Updated: Nov 25, 2020

There’s a wistful (and embarrassing) story in our family surrounding the blessing of the meal. First, let me say how thankful I am for a father who insisted we all eat our meals together at the table. And that no one picked up a fork, filled a plate, or took a bite until he had said “The Blessing.”

Daddy had his own special brand on that charge. At every meal it was the same:


Not once did it occur to me this was a sentence which could be separated into distinguishable words. “Christ” and “blessings” were identifiable, but within the context, I always thought “The Blessing” was an amalgamated phrase which must be said in one breath -- and very fast, before the meal got cold.

It became clear something was missing in the context the first time I was invited to Sunday dinner by my best friend, Sharon.
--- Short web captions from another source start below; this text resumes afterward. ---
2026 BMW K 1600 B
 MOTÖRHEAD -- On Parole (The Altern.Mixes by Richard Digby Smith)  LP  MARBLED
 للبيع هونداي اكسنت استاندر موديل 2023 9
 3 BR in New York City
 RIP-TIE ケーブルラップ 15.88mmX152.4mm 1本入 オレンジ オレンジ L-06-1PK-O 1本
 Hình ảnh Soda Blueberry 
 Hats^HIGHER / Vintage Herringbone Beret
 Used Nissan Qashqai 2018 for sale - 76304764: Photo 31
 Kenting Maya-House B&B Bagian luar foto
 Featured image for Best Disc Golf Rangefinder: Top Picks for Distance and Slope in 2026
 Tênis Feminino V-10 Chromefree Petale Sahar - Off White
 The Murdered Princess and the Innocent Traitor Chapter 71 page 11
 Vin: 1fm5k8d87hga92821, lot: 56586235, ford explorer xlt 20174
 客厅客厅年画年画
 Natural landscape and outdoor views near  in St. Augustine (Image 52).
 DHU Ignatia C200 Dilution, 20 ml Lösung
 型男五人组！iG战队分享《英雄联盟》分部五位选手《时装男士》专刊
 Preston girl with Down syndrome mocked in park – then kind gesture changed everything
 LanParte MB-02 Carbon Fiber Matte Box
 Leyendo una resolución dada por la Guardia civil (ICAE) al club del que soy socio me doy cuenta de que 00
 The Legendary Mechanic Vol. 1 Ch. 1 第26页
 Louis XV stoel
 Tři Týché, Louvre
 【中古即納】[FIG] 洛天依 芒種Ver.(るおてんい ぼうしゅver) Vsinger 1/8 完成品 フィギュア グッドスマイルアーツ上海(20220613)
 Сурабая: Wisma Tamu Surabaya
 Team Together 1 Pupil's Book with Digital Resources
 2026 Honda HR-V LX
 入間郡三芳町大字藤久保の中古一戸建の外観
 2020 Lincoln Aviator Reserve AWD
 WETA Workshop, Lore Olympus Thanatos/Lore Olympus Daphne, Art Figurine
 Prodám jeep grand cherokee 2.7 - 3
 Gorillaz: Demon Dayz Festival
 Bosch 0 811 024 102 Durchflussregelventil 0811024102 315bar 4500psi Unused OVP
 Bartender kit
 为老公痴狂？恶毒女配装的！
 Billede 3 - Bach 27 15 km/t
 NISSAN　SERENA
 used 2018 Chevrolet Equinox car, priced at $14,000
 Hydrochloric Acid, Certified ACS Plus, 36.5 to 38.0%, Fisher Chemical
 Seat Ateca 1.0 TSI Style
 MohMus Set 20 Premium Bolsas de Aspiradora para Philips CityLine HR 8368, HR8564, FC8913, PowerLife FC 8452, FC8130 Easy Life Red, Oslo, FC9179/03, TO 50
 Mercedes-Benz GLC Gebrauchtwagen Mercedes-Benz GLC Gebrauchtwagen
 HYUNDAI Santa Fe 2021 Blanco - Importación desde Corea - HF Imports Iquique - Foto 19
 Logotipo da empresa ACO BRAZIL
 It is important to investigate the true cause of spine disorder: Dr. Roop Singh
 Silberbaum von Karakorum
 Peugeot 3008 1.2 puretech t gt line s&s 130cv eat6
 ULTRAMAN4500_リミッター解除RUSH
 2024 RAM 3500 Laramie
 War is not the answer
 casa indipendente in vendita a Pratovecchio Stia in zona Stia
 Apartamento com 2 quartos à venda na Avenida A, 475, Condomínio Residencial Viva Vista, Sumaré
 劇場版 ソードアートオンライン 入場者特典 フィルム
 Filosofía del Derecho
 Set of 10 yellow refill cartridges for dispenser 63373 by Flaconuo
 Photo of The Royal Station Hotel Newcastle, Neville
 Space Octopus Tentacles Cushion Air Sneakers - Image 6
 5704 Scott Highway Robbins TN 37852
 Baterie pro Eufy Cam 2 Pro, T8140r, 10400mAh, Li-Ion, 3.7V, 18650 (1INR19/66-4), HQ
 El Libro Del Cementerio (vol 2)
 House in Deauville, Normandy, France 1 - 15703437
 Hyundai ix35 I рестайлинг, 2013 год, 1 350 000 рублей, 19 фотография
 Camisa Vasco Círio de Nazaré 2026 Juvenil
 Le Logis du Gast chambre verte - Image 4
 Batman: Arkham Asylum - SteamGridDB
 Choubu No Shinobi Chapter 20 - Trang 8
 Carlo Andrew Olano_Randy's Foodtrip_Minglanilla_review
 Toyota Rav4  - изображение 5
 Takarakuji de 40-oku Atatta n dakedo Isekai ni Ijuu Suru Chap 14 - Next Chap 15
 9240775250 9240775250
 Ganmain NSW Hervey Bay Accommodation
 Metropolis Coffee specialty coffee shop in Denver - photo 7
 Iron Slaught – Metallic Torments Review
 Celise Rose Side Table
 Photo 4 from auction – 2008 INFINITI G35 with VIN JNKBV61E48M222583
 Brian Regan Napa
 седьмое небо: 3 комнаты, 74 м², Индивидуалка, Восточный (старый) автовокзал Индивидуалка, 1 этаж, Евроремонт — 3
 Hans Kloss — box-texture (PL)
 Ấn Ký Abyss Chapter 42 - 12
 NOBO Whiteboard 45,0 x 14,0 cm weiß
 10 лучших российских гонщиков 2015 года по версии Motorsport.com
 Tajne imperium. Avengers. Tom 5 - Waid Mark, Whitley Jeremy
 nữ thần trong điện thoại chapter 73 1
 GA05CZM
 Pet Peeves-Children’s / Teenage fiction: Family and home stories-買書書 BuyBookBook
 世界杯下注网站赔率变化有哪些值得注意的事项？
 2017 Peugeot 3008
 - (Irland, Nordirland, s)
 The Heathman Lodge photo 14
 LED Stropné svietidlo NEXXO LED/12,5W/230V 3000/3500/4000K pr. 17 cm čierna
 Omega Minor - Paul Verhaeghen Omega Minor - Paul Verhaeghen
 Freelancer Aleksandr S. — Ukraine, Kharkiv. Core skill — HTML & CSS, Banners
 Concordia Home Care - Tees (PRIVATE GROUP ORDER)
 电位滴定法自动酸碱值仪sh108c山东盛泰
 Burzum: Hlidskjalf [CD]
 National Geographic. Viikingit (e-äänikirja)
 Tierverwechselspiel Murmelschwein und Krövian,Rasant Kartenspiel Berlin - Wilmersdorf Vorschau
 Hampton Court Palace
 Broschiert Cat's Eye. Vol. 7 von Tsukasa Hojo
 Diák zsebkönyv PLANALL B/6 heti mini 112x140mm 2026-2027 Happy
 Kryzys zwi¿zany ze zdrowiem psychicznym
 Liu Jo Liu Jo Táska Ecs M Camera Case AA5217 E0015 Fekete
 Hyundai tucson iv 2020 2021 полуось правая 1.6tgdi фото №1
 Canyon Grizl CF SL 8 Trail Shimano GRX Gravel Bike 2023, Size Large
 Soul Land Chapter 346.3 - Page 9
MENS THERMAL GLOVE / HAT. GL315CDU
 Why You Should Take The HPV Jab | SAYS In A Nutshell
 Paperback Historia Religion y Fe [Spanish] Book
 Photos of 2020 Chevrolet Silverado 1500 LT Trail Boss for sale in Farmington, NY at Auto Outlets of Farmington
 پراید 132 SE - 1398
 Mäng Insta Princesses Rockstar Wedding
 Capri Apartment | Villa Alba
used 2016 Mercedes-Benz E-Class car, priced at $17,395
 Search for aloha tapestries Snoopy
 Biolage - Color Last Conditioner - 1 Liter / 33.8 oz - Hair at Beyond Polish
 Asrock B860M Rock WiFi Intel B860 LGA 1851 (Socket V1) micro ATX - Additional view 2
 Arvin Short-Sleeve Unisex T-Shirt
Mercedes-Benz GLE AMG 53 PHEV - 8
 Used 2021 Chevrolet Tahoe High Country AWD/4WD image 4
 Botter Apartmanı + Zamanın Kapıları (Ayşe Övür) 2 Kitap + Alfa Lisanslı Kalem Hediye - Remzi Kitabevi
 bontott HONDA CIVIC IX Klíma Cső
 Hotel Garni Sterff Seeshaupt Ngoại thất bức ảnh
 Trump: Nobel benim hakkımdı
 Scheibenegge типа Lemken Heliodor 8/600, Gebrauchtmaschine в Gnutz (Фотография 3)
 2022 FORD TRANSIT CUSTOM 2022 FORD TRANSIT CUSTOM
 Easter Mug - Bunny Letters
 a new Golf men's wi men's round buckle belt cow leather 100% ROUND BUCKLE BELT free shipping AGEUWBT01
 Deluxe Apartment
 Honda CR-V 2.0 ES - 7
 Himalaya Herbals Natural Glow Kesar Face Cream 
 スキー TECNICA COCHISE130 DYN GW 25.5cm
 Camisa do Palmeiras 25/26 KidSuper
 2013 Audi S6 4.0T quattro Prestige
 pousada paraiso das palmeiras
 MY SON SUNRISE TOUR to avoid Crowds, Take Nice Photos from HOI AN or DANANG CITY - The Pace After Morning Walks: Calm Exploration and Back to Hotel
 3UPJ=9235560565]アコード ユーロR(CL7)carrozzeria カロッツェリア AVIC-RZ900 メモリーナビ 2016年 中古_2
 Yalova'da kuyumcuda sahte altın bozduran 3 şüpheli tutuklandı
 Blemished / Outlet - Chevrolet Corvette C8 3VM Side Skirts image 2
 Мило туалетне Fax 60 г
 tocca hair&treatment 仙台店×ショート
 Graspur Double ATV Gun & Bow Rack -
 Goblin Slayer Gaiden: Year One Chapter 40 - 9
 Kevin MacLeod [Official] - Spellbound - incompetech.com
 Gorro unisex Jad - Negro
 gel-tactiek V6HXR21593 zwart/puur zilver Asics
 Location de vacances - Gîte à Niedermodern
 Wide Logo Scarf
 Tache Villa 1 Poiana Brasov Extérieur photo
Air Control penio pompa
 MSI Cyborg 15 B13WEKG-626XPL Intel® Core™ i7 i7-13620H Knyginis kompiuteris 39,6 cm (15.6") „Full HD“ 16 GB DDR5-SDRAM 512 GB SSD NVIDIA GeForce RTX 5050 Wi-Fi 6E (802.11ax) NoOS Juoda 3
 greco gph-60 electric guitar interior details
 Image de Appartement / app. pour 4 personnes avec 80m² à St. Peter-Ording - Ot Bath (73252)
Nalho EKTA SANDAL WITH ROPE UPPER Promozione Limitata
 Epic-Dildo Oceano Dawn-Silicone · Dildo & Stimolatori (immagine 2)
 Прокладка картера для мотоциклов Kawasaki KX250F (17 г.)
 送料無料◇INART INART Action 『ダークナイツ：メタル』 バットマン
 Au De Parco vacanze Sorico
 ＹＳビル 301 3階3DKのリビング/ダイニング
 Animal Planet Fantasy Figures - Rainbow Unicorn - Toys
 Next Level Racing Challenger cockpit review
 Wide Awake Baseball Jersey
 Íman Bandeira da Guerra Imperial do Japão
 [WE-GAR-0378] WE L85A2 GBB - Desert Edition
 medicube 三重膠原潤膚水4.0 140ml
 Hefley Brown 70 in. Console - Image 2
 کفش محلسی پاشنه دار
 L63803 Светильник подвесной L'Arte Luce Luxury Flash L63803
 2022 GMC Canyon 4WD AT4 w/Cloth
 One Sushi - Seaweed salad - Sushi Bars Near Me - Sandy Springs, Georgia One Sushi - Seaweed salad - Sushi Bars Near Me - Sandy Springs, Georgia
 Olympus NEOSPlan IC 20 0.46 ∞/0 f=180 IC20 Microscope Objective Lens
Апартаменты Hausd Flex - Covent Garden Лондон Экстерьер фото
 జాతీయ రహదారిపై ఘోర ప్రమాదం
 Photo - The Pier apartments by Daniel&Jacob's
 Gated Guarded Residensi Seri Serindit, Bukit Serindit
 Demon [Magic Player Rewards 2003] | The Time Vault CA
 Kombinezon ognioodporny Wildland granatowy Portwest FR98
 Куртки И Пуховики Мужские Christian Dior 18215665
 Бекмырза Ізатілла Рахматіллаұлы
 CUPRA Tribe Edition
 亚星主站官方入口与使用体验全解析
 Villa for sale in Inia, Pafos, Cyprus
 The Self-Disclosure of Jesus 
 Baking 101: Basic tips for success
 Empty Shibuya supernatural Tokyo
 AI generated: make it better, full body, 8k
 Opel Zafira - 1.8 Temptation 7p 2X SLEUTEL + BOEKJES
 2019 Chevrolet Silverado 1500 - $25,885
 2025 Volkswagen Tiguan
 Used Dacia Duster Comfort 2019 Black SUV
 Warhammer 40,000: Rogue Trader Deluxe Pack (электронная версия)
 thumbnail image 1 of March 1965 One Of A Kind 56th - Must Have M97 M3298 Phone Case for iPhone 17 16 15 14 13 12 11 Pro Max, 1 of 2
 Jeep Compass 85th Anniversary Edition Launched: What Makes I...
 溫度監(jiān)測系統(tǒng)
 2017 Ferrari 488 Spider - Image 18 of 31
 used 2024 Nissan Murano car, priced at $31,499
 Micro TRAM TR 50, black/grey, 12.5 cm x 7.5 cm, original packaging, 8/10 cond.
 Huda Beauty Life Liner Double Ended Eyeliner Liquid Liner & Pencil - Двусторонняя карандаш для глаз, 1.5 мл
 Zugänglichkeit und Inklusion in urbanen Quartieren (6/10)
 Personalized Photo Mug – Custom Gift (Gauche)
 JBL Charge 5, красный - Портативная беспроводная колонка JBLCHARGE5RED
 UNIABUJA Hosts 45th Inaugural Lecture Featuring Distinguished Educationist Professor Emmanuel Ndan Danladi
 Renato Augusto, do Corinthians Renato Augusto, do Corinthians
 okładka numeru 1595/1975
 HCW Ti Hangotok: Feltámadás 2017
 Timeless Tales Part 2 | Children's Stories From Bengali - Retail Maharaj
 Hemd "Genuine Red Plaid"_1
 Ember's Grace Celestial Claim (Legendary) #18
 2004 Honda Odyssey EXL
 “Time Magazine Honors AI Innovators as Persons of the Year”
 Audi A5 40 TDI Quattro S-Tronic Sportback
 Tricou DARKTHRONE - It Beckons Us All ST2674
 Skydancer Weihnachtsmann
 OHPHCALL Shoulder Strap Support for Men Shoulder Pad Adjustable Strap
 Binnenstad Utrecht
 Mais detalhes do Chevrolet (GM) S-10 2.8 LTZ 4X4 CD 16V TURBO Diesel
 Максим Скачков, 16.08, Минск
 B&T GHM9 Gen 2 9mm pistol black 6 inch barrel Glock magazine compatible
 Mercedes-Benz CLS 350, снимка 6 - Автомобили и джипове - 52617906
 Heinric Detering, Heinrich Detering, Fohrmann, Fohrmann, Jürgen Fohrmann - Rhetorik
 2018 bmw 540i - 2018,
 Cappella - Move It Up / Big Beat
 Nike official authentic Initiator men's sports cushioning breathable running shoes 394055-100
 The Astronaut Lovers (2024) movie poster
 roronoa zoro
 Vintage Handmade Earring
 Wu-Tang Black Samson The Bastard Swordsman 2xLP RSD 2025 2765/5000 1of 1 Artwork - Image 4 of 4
In true mid-century Father-Knows-Best style, her dad welcomed me and invited me to say “The Blessing” over the meal. Pleased to be able to share our unique, albeit unintelligible family blessing with this new host of friends, I quickly agreed. All four siblings held hands, with heads bowed, Dad at one end of the table, Mom at the other, as I recited with great gusto,


The roar and chortled snorts that occurred was far from the praise I expected! Mr. Ryder, broke out in a hearty guffaw. He quieted the bunch, politely thanked me, then went on to properly bless the food and hands that prepared it. I was red-faced and wished I did not have to open my eyes, mortified that my family blessing was something less than effective in ensuring that the food was, indeed, blessed.

You can be sure the following morning, eyes wide open, I watched my father and listened intently as he said “The Blessing” at the breakfast table. It was a few meals later before I finally had all the words properly sorted out, given his comfortably relaxed position, arms folded, head bent over his plate, and monotonal rote phrasing.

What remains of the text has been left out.